Starting next Wednesday, Canada will join the United States in imposing new import requirements for tomatoes so its distributors can continue to export to the U.S.

At issue is a small moth that cut production, but generally speaking does not create a food safety problem.

Tomatoes imported from countries where tomato leafminer (Tuta absoluta) is a problem will have to be accompanied by phytosanitary certificates that the guarantee they were inspected and found free of tomato leafminer.

This is similar to the Federal Import Quarantine Order for tomato leafminer issued by the U.S. Department of Agriculture last Dec. 24.  It became effective on Feb. 1.

Canada’s requirements will be in place until the Canadian Food Inspection Agency (CFIA) can develop more permanent measures.

Tomatoes imported to Canada from countries infested with tomato leafminer are not allowed entry into the U.S., unless they have met additional import requirements set by the U.S.

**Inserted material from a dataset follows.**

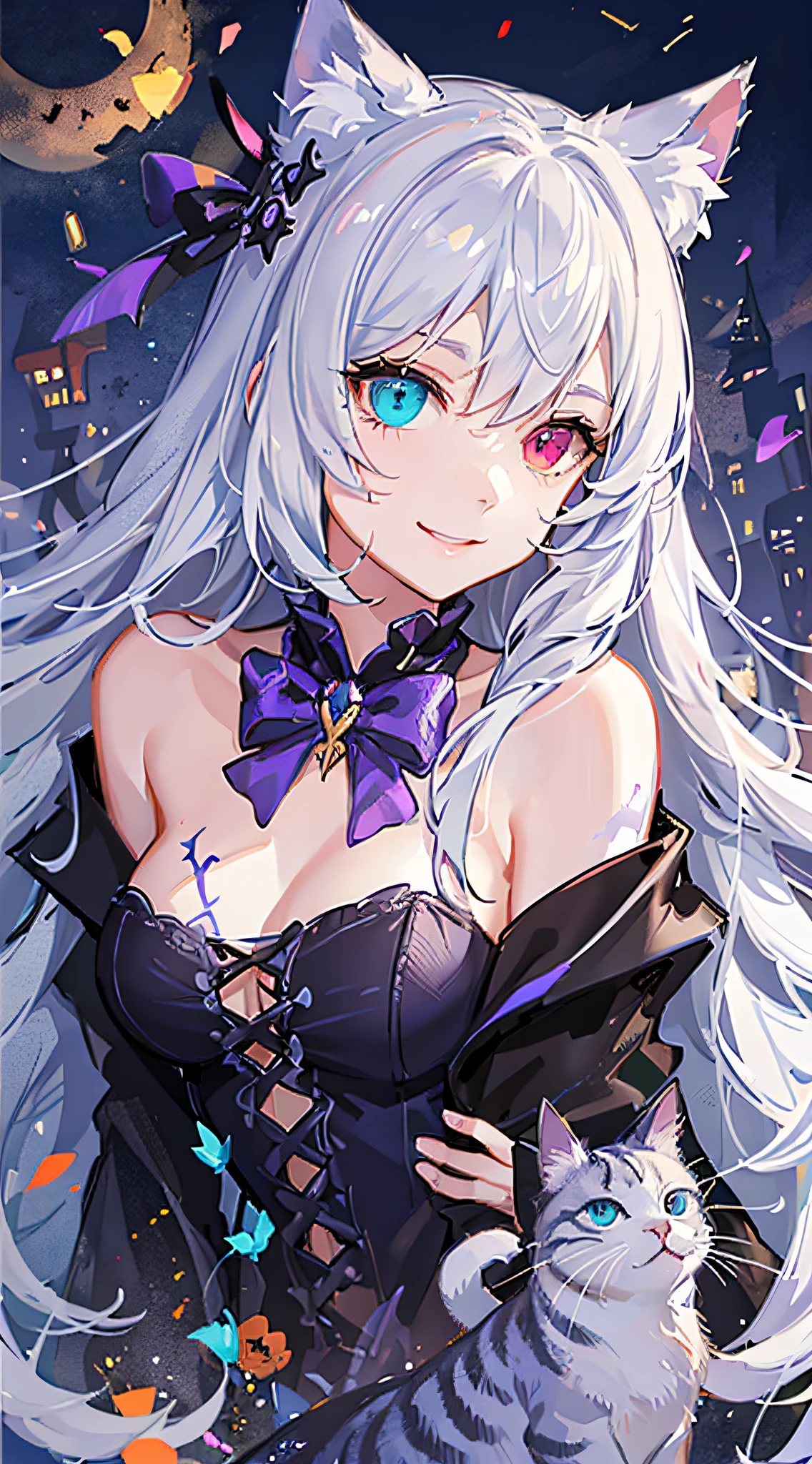 年轻, long white hair, Heterochromia, (Blue left eye, Right eye purple), White cat ears, Turquoise Top, Open chest, Tattoos, Smile, masutepiece, High quality,Happy halloween,Halloween Costume,pumpkin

USDA is requiring that tomatoes from the following countries meet special requirements in order to enter the U.S.: Albania, Algeria, Argentina, Bolivia, Brazil, Chile, Colombia, Ecuador, France, Greece, Italy, Morocco, Netherlands, Paraguay, Portugal, Spain, Switzerland, Tunisia, Uruguay, and Venezuela.

These requirements include a phytosanitary certificate and either a declaration that the tomatoes are grown in an area free from tomato leafminer or a declaration that the tomatoes were grown in accordance with a U.S. systems approach and have been inspected and are free of the pest.

Products will not be allowed entry into the U.S. if they have been imported into Canada from the above-mentioned countries, and they do not meet these U.S. import requirements.

The new U.S. import requirements also prohibit the entry of host plants of tomato leafminer for planting (for example, Solanum spp., Datura spp. and Nicotiana spp.) from affected countries, until a Pest Risk Analysis is completed and appropriate mitigation measures are implemented.

Tomato leafminer is a small moth that primarily attacks tomato crops. It has also been reported on potato, aubergine and common beans. In many countries, tomato leafminer is considered a key insect pest because it is capable of severely damaging tomato production.

The pest cannot survive Canadian winters but it poses a high risk to greenhouse tomato cultivation in Canada and to export trade with the U.S.

Industry plays an important role in mitigating the risk of introducing this pest to Canada.

CFIA says tomatoes imported from countries where tomato leafminer is known to occur should not be brought into the vicinity of production greenhouses.

The CFIA will continue to work closely with industry to meet the new U.S. import requirements, so that Canadian importers can continue to re-export tomatoes to the U.S.